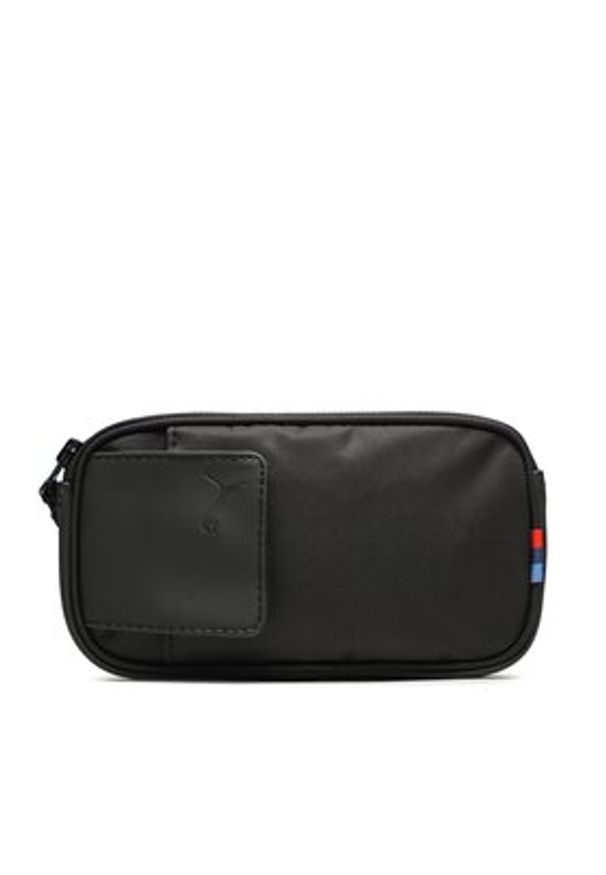 Puma Duży Portfel Damski BMW MMS Women's Wallet 054300 01 Czarny. Kolor: czarny. Materiał: materiał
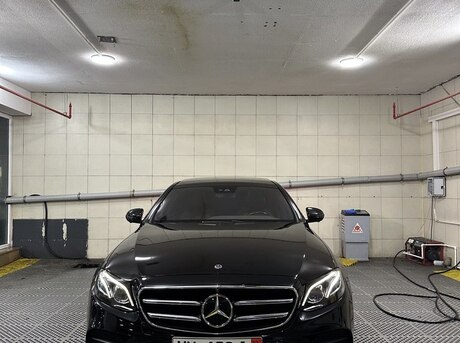 Mercedes E 220 d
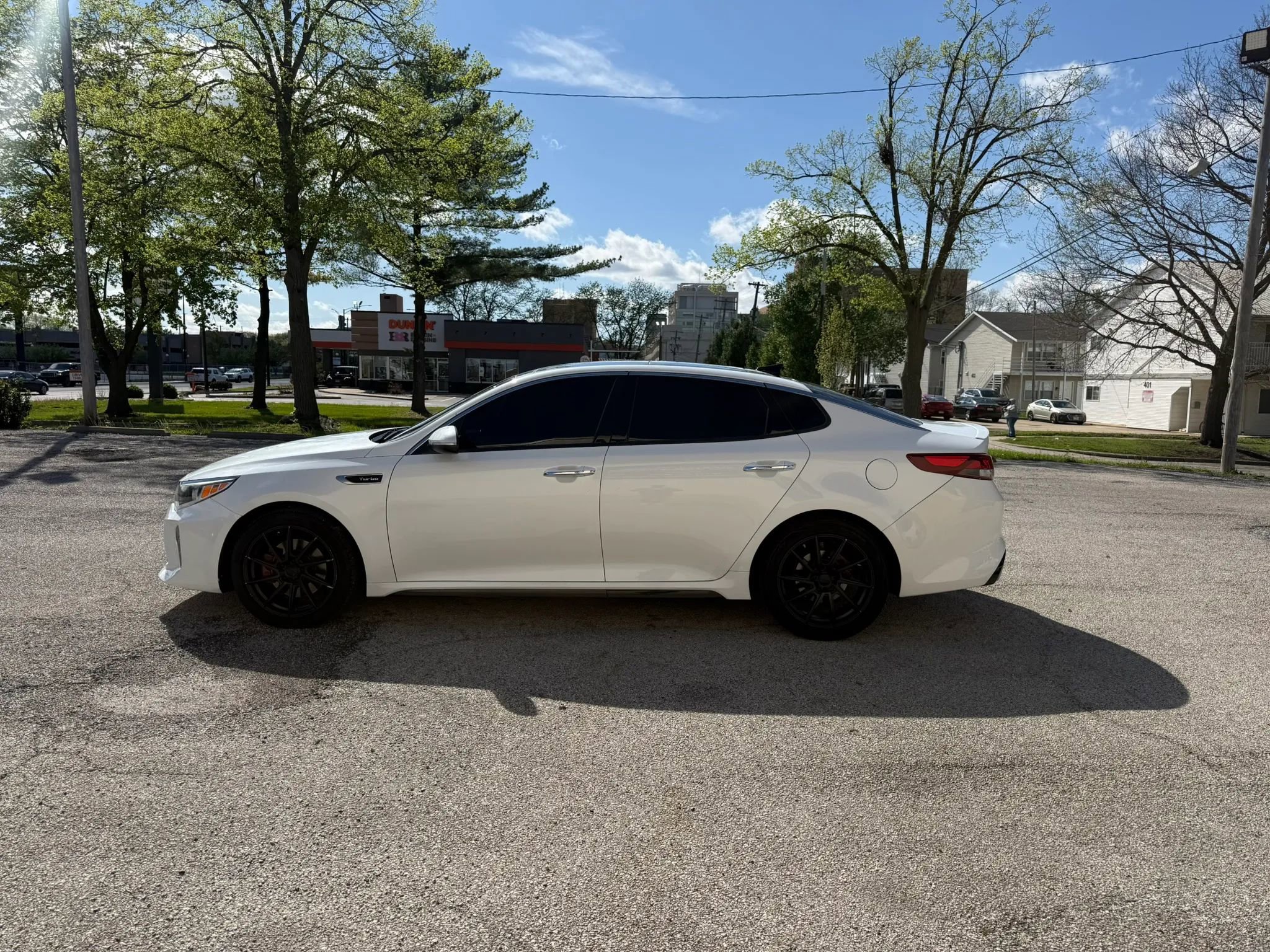 Used 2016 Kia Optima SX w/ Launch Edition Package image 4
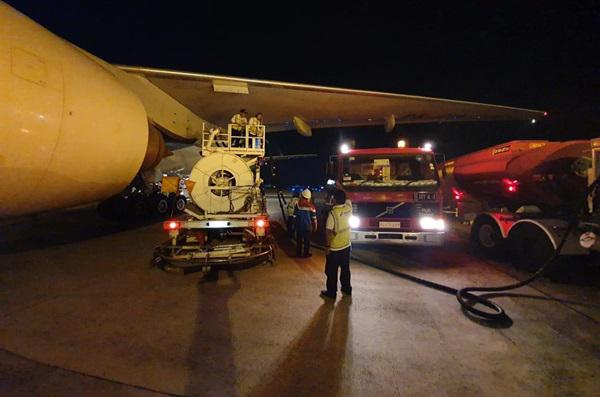 Pertamina Siapkan 10 Juta Liter Avtur untuk Layani Angkutan Haji 2019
- - - - -
**Work task**
In your answer, copy exactly the lines running from the line with "Mercedes E 220 d" to the end of the material above, both included, and omit all pictures.

**Exercise solution**
 Mercedes E 220 d
 Used 2016 Kia Optima SX w/ Launch Edition Package image 4
 Pertamina Siapkan 10 Juta Liter Avtur untuk Layani Angkutan Haji 2019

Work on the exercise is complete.